No-Stop Apartment was part of a line of inquiry in which furniture was no longer understood merely as a matter of interior arrangement, but instead became a true generator of space. In the context of reclaiming industrial, open, and indeterminate spaces, architecture was no longer defined solely by the construction of walls, but by the introduction of systems, objects, and devices capable of organizing uses and activities.
This workshop was developed in collaboration with PMF-System around an innovative assembly system that allows the completely free creation of structures. This invention was designed to enable the rapid and intuitive mounting, dismantling, and assembly of tubular structures. The assembly technique is integrated into a family of joints and components developed by PMF-System, whose aim is to facilitate the design and implementation of frames intended for all types of furniture.
The project echoed No-Stop City, which proposed a continuous and non-hierarchical vision of space, where boundaries disappeared in favor of a homogeneous grid activated by flows and equipment. At the domestic scale, this logic translated into a spatial continuity in which furniture became infrastructure.
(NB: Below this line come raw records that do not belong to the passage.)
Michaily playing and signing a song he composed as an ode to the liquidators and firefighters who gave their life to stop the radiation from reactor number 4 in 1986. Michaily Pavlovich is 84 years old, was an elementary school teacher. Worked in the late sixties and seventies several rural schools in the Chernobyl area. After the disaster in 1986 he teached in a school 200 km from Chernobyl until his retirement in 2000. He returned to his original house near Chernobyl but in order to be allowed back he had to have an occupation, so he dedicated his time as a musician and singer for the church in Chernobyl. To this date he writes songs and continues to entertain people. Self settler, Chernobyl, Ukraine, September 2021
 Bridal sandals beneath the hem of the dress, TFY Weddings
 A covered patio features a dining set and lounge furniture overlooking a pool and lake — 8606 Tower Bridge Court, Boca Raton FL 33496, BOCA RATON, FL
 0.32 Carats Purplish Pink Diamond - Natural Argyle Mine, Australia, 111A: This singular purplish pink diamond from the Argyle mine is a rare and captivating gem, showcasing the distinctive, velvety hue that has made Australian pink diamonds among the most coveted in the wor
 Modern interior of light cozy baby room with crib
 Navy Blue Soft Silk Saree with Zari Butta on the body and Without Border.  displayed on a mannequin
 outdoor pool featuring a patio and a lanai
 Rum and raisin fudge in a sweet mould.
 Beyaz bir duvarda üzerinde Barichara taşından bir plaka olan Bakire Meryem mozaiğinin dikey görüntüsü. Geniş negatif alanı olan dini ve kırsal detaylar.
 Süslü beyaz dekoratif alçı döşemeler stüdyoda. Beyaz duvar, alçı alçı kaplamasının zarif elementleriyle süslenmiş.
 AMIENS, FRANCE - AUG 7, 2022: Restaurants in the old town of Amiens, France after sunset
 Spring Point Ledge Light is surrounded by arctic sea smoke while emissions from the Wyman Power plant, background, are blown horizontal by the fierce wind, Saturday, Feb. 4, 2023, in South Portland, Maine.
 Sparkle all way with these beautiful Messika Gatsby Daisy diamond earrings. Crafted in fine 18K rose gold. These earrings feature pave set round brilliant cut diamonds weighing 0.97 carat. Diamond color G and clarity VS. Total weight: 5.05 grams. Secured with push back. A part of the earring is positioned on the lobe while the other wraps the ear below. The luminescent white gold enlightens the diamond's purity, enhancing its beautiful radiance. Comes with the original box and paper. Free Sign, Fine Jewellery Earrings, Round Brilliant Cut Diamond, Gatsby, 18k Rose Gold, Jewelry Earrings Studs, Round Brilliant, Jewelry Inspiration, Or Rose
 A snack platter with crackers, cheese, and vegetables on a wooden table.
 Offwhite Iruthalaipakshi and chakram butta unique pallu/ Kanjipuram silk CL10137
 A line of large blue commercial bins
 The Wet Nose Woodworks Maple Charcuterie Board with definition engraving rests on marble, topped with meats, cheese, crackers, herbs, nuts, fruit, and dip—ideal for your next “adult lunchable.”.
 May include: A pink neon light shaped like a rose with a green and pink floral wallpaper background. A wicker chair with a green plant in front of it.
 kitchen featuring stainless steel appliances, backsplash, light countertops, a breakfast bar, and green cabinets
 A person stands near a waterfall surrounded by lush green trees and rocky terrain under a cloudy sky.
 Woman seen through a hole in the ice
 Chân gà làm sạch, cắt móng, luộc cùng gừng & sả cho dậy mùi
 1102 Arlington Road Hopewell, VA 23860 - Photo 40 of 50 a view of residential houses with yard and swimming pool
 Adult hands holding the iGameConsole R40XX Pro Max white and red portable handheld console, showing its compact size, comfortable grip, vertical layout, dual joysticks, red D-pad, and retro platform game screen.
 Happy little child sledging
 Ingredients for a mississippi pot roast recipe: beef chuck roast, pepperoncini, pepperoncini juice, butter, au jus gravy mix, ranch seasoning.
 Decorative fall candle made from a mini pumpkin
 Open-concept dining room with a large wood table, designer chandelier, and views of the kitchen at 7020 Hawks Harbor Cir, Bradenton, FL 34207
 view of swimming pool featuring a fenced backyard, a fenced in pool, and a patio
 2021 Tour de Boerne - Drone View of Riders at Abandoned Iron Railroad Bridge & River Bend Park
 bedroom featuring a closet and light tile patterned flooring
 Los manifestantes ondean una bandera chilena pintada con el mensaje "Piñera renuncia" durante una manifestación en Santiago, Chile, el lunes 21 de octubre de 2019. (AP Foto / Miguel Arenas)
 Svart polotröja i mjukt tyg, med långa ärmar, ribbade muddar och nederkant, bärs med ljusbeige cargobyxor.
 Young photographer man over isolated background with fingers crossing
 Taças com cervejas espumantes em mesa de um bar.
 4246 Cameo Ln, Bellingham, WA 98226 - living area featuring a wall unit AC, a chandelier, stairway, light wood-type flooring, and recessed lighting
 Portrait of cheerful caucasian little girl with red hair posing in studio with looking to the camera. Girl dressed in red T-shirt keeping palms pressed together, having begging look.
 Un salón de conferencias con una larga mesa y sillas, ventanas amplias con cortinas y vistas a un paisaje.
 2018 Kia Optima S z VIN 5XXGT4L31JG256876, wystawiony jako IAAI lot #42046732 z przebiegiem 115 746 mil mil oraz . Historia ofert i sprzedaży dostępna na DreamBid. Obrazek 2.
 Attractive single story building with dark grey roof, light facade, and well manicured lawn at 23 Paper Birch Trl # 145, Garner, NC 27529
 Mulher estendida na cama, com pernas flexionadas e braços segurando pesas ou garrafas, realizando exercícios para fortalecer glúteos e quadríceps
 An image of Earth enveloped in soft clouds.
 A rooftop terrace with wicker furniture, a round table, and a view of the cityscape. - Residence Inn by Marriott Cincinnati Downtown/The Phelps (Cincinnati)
We also questioned the capacity of furniture and domestic devices to produce space by working through compactness, repetition, and the intensification of uses.
Thus, No-Stop Apartment proposed an exploration of a continuous, evolving, and non-fixed form of habitation, where furniture alternately became structure, threshold, and territory. More than a simple furnishing element, it constituted an architecture in itself, capable of transforming a raw space into an inhabited landscape.